Now, I realize some kids are shy or soft-spoken, but that's no excuse for whispering instructions to your teammates. Neither is a mouth guard. If they can't hear you, you're just wasting your breath. You've got to be loud and proud. Positional players – defensemen and forwards – are trying to process a dozen different things in the blink of an eye, while all that blood and adrenaline is rushing between their ears. If goalies want to be heard, they need to pump up the volume, and make sure their voice cuts through all that white noise. The rule of thumb for coaches and parents is whether you can hear your goalie from the bench or stands. If not, they're not loud enough.
Second, goalies must be decisive. Instructions need to be clear, and concise. The game is much too fast for lengthy conversations or complicated explanations.
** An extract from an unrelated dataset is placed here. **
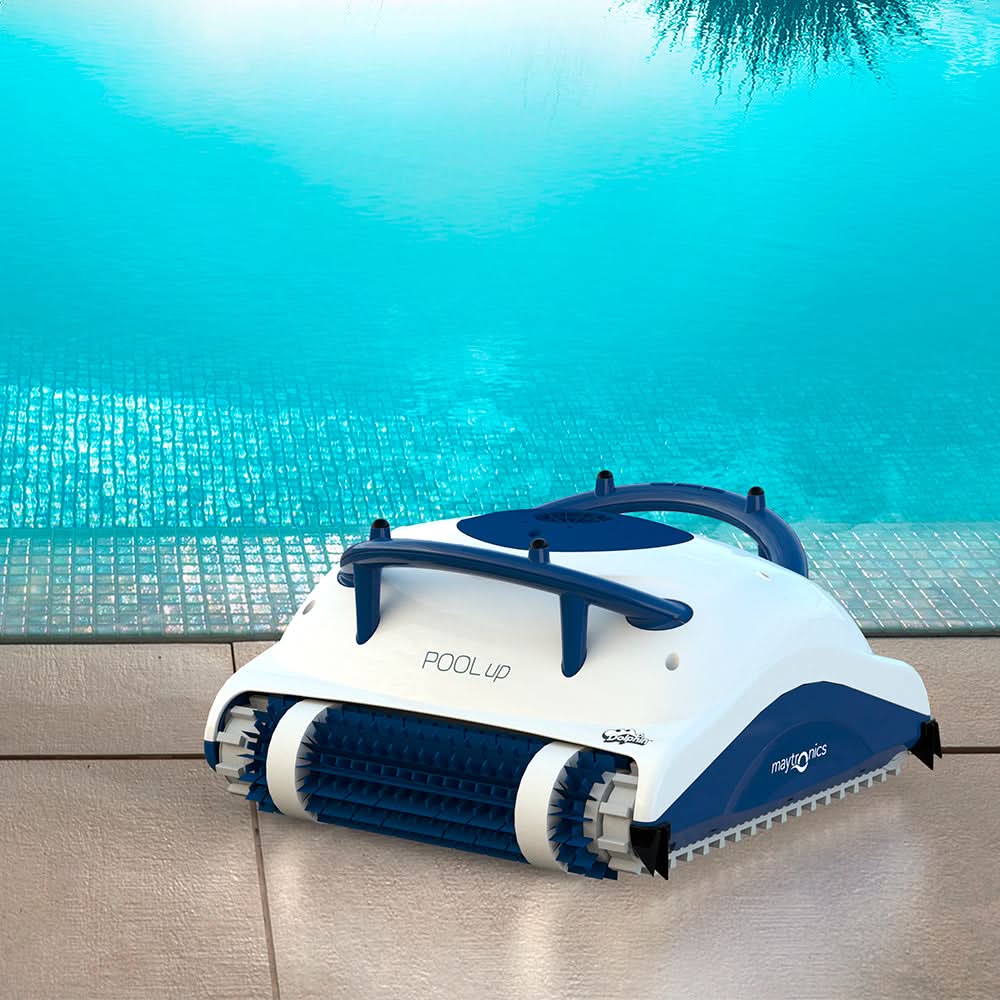 Dolphin Pool Up - Robot limpiafondos para piscina con cable Reacondicionado - BricoandPool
Share the basic instructions you plan to use with your teammates, such as "Screen!" when your defender is blocking your view, "Man on!" when your defender is being pressured, "Time!" when they can take a moment to look up ice, "Reverse it!" when the opposite wing is free, or "Stay home!" when your defender is tempted to leave the slot to go chase the play in the corner. These are just a few examples, and you can use whatever terms you want, but make sure everyone knows the lexicon.
The key here is to make sure you and your teammates are on the same page. Use practices and scrimmages to repeat these verbal instructions often, so your teammates get used to your voice, and understand what each command means. Believe it or not, these commands, when used wisely, are a huge help to your teammates, because it removes the responsibility of decision making. In other words, it's one less thing for them to think about. The goalie, however, needs to make absolutely sure that the instructions are accurate and unambiguous. Precision is critical.
Third, goalies have to encourage. When I say be loud, and be a leader, I'm not talking about yelling for the sake of yelling. Castigating your teammates after a bad play, or a goal, is never a good thing. Hockey is a game of mistakes, and everyone makes them. You don't want your teammates berating you after a soft goal, right? That lesson goes both ways. The best thing you can do after a mishap, or a bad goal, is a tap on the shinpads, and a quick "don't sweat it. Let's get one back." Players love these types of goalies, kids who understand that it's a team game, and everyone needs to contribute to win. Chastising your teammates erodes confidence the same way your own confidence takes a hit when your coach pulls you for goals that aren't your fault. So remember, there's a big difference between barking instructions, and criticizing.
Fourth, coaches need to be inclusive. Here's where coaches need to make sure that the goalies are included in all their chalk talks by the bench during practice, and not sitting in the crease, waiting for the next drill to start. In order for the goalie to be a coach on the ice, he or she has to have a solid understanding of your game plan. What kind of breakout do you want? Where do you want your center to play? Leaving the goalie out of those discussions is not only shortsighted, it's foolhardy.
Again, think of the quarterback in football. He has to know the passing routes, the audibles, the blocking schemes, the snap count, all of it. As a football coach, you want your quarterback thinking just like you. That only happens when the player is fully engaged. It's no different for hockey coaches and their goaltender. Give your goalies the tools to orchestrate your game plan, combined with the freedom to instruct, and the entire team benefits.